** The problem **
Give back exactly the stretch of data below from the line holding "Suits & Blazers" through the line holding "OFF-WHITE オフホワイト デザインスウェット ホワイト系 S レディース", both ends included, and leave the remaining lines out.

** Data shown **
··········

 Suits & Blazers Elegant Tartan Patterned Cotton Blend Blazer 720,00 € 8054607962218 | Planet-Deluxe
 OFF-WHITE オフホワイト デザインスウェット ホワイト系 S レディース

··········

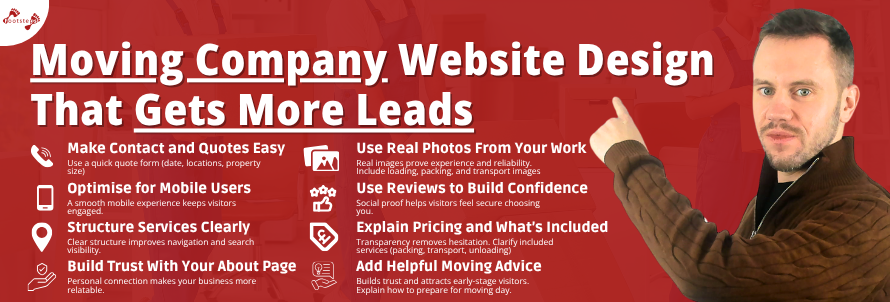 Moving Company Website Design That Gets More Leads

··········

** Answer space **
 Suits & Blazers Elegant Tartan Patterned Cotton Blend Blazer 720,00 € 8054607962218 | Planet-Deluxe
 OFF-WHITE オフホワイト デザインスウェット ホワイト系 S レディース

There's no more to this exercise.